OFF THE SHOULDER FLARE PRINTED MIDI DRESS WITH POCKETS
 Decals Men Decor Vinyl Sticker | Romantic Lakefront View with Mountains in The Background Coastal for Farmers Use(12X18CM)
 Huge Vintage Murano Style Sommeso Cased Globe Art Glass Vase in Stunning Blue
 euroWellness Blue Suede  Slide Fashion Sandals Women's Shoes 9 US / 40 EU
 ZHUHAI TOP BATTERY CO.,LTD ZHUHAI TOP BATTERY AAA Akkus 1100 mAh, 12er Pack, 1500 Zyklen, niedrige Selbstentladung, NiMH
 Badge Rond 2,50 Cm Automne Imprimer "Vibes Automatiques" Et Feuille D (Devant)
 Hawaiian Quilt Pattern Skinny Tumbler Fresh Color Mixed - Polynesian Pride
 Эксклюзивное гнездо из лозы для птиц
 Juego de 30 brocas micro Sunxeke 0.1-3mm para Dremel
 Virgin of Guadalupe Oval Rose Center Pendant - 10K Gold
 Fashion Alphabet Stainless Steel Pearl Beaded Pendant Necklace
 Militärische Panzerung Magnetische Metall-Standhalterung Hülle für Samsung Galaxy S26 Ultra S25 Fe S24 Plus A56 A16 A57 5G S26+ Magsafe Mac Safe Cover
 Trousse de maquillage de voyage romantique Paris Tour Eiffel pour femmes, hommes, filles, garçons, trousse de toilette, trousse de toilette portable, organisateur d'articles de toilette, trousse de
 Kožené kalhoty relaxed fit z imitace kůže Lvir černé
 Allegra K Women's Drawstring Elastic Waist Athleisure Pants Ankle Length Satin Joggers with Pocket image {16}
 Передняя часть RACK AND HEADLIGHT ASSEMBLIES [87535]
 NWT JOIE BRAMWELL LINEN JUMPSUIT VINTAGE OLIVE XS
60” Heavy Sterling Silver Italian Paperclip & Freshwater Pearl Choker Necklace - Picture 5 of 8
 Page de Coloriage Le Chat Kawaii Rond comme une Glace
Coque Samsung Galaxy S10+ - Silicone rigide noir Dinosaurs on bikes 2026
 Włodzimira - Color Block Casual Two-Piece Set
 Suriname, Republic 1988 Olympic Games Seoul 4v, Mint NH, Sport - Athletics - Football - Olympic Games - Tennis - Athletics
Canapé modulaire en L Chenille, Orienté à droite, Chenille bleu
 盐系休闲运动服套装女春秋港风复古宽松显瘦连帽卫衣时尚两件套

=-=-=

= BRIEF =
Every line in the data above has to be retyped exactly.

= ANSWER TO THIS TASK =
OFF THE SHOULDER FLARE PRINTED MIDI DRESS WITH POCKETS
 Decals Men Decor Vinyl Sticker | Romantic Lakefront View with Mountains in The Background Coastal for Farmers Use(12X18CM)
 Huge Vintage Murano Style Sommeso Cased Globe Art Glass Vase in Stunning Blue
 euroWellness Blue Suede  Slide Fashion Sandals Women's Shoes 9 US / 40 EU
 ZHUHAI TOP BATTERY CO.,LTD ZHUHAI TOP BATTERY AAA Akkus 1100 mAh, 12er Pack, 1500 Zyklen, niedrige Selbstentladung, NiMH
 Badge Rond 2,50 Cm Automne Imprimer "Vibes Automatiques" Et Feuille D (Devant)
 Hawaiian Quilt Pattern Skinny Tumbler Fresh Color Mixed - Polynesian Pride
 Эксклюзивное гнездо из лозы для птиц
 Juego de 30 brocas micro Sunxeke 0.1-3mm para Dremel
 Virgin of Guadalupe Oval Rose Center Pendant - 10K Gold
 Fashion Alphabet Stainless Steel Pearl Beaded Pendant Necklace
 Militärische Panzerung Magnetische Metall-Standhalterung Hülle für Samsung Galaxy S26 Ultra S25 Fe S24 Plus A56 A16 A57 5G S26+ Magsafe Mac Safe Cover
 Trousse de maquillage de voyage romantique Paris Tour Eiffel pour femmes, hommes, filles, garçons, trousse de toilette, trousse de toilette portable, organisateur d'articles de toilette, trousse de
 Kožené kalhoty relaxed fit z imitace kůže Lvir černé
 Allegra K Women's Drawstring Elastic Waist Athleisure Pants Ankle Length Satin Joggers with Pocket image {16}
 Передняя часть RACK AND HEADLIGHT ASSEMBLIES [87535]
 NWT JOIE BRAMWELL LINEN JUMPSUIT VINTAGE OLIVE XS
60” Heavy Sterling Silver Italian Paperclip & Freshwater Pearl Choker Necklace - Picture 5 of 8
 Page de Coloriage Le Chat Kawaii Rond comme une Glace
Coque Samsung Galaxy S10+ - Silicone rigide noir Dinosaurs on bikes 2026
 Włodzimira - Color Block Casual Two-Piece Set
 Suriname, Republic 1988 Olympic Games Seoul 4v, Mint NH, Sport - Athletics - Football - Olympic Games - Tennis - Athletics
Canapé modulaire en L Chenille, Orienté à droite, Chenille bleu
 盐系休闲运动服套装女春秋港风复古宽松显瘦连帽卫衣时尚两件套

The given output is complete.